### Required action
Produce exactly the lines from the one holding "610 W Washington Avenue Property Photo 16" through the last line of the data below, with every picture left out.

Collected data:
====
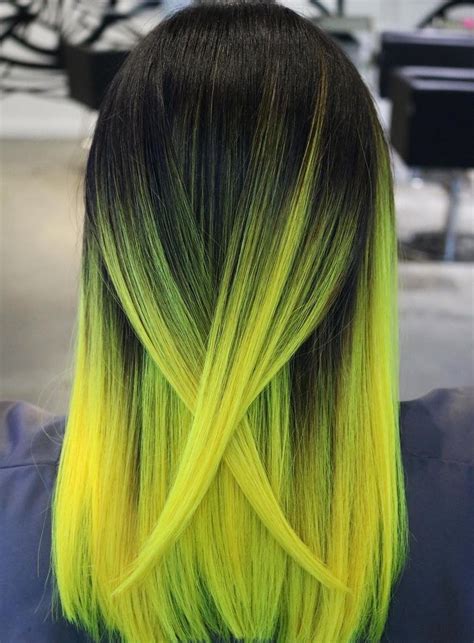 Cute Dyed Haircuts To Try Right Now Hair Styles Green Hair Colors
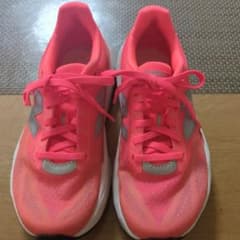 New Balance FuelCell ランニングシューズ22.5cのサムネイル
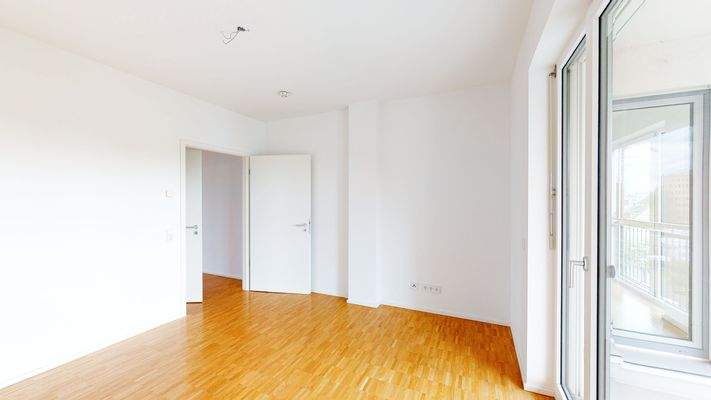 Schlafzimmer mit Zugang zur Loggia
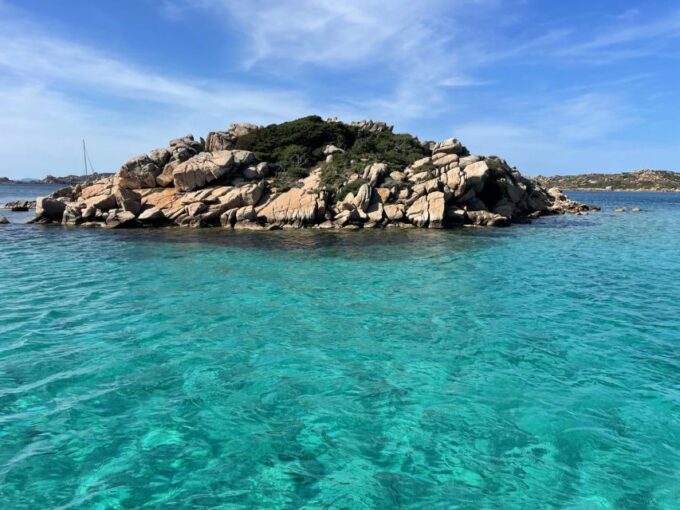 Boat Tour in the Maddalena Archipelago - Meeting Point and Location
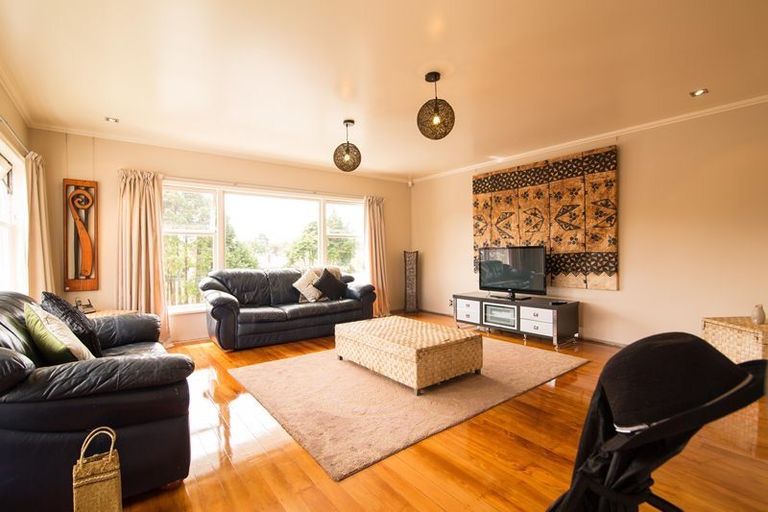 Photo of property in 4 Tomo Street, New Lynn, Auckland, 0600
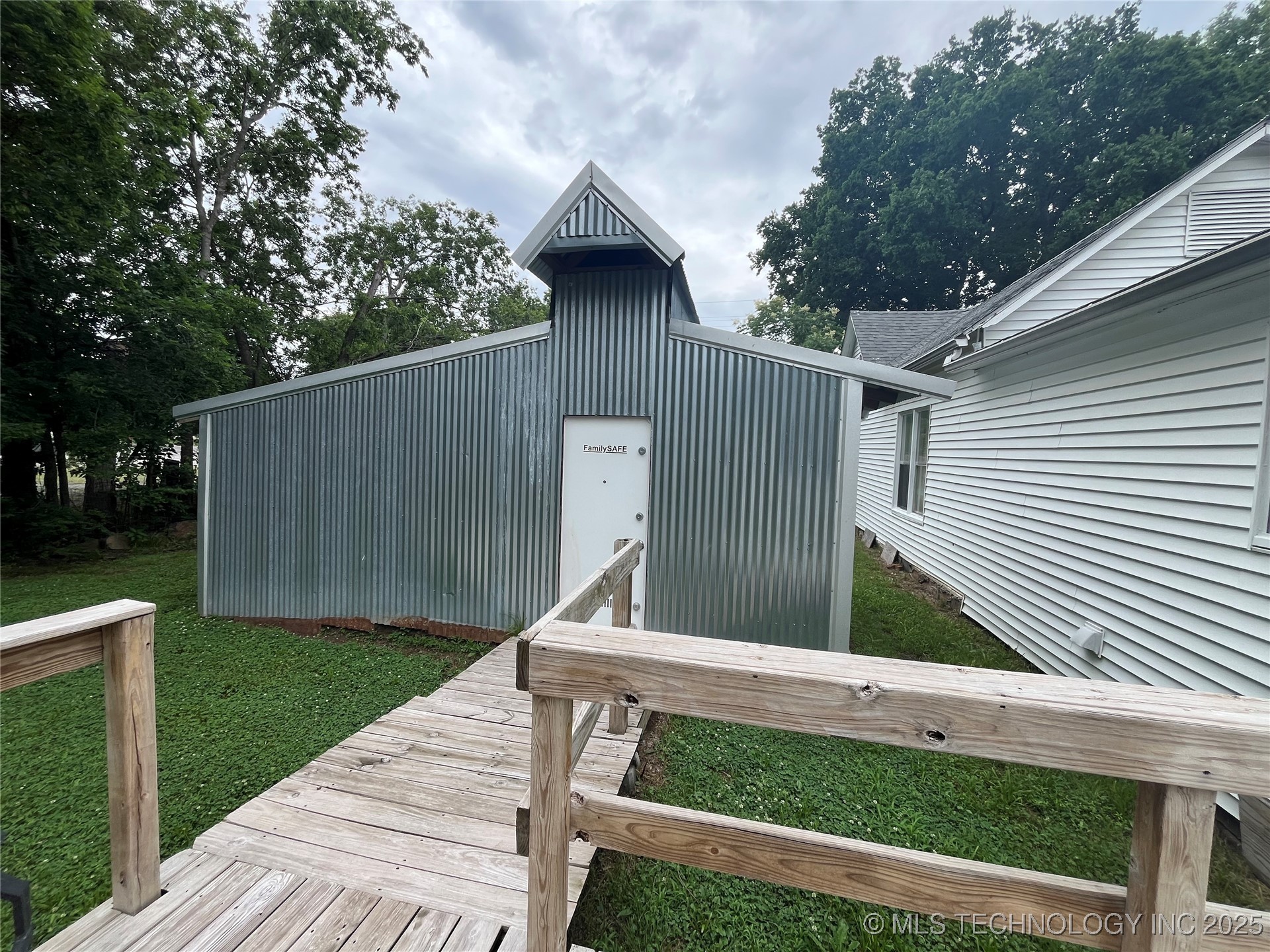 610 W Washington Avenue Property Photo 16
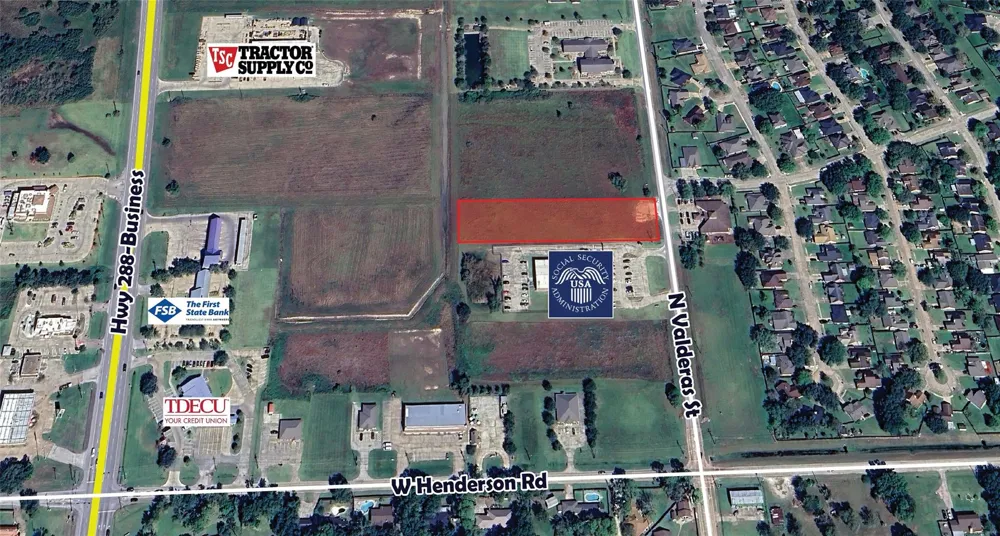 2927 Valderas Street Angleton, TX 77515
====
### Reply
 610 W Washington Avenue Property Photo 16
 2927 Valderas Street Angleton, TX 77515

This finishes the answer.